1. Ernst's claims against the ERCB in negligence were struck;
2. Ernst's Charter claim was valid, subject to the Limitations Act and the Energy Resources Conservation Act; but such claims were barred in any case under the latter Act; (Note: the relevant provision has since become s. 27 of the Responsible Energy Development Act)
3. Alberta's application was dismissed.

The Court of Appeal of Alberta dismissed Ernst's appeal, declaring that the lower court's ruling "discloses no reviewable error."

==At the Supreme Court==
By 5-4, the appeal was dismissed with costs, although for different reasons than were expressed by the Alberta courts.

Cromwell J held that, as Ernst had not successfully challenged the constitutionality of the immunity clause protecting the ERCB, the appeal must fail. However, the constitutional challenge still needed to be considered on its merits:

1. If an immunity provision clearly purports to bar a damages claim, and if the record before the Court is not adequate to permit a decision on its constitutionality, then the immunity clause must be applied.
2. Charter damages could never be an appropriate and just remedy for such breaches by the Board, so the immunity clause cannot be unconstitutional. Vancouver (City) v Ward was endorsed, as "Charter damages will not be an appropriate and just remedy where there is an effective alternative remedy or where damages would be contrary to the demands of good governance."
3. Judicial review would "provide vindication in a much more timely manner than an action for damages", and "there is a wide range of remedies available through judicial review for Charter breaches by quasi-judicial and regulatory boards".
4. The Board owed Ernst no duty of care under the private law of negligence, "for reasons of insufficient proximity or countervailing policy considerations, or both". In addition, "Opening the Board to damages claims will distract it from its statutory duties, potentially have a chilling effect on its decision making, compromise its impartiality, and open up new and undesirable modes of collateral attack on its decisions."

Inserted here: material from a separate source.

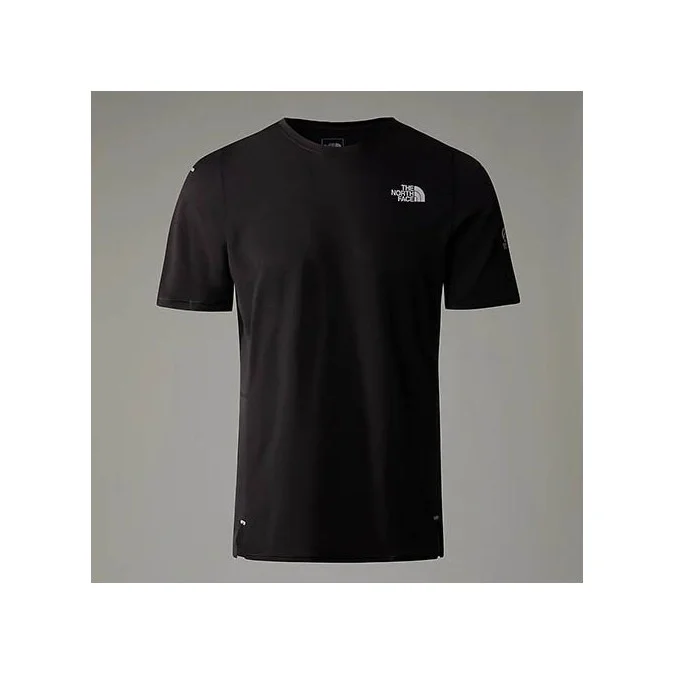 T-Shirt The North Face Summit Series High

Abella J was more succinct in explaining why Ernst's claim must fail:

Ms. Ernst’s argument that she was not seeking to challenge the validity of s. 43, only its applicability to a Charter damages claim, is unsustainable. The immunity clause either complies with the Charter or it does not. But either way, there must be a judicial determination of the constitutional validity, and therefore the constitutional applicability, of the provision. Ms. Ernst’s argument that the immunity clause does not apply when a Charter remedy is being sought, is an argument that there is no need to go through the necessary steps to determine whether a provision is Charter-compliant in order to disregard it. This invokes Alice in Wonderland.

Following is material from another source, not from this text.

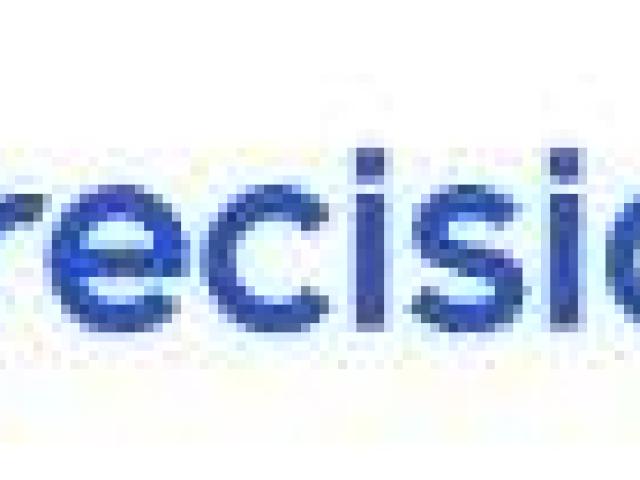 vr surgeon simulator - precisionostech.com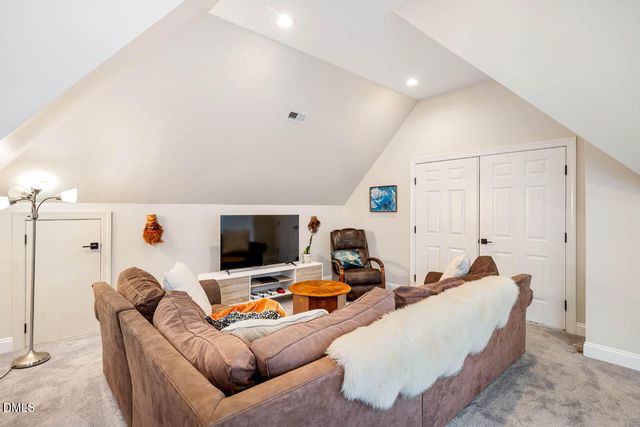 105 Blue Granite Court, Chapel Hill, NC 27514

Since Ms. Ernst did not seek to challenge the constitutionality of in the prior proceedings, there is no record either to justify or impugn the provision. This means that for the time being, the provision’s constitutionality is intact, which means that the Board’s immunity is intact, which means that Ms. Ernst cannot, under these circumstances, legally sustain a claim that the Board is vulnerable to a damages claim, either under the Charter or otherwise. As a result, I agree with the Alberta courts that Ms. Ernst’s claim ought to be struck.

...

Ms. Ernst had the opportunity to seek timely judicial review of the Board’s decision. She chose not to. Instead, she attempted to frame her grievance as a claim for Charter damages. That is precisely why exists—to prevent an end-run by litigants around the required process, resulting in undue expense and delay for the Board and for the public.

McLachlin CJ, in a joint dissent with Moldave and Brown JJ, would have allowed the appeal, returning the case to the Alberta courts to decide upon the issues relating to free speech and Charter remedies, because:

1. It was not plain and obvious that Charter damages could not be an appropriate and just remedy.
2. It was not plain and obvious that the immunity clause applied to Ernst's claim.
3. Therefore, it was unnecessary to answer the constitutional question as to the validity of the immunity clause in the case of a Charter breach.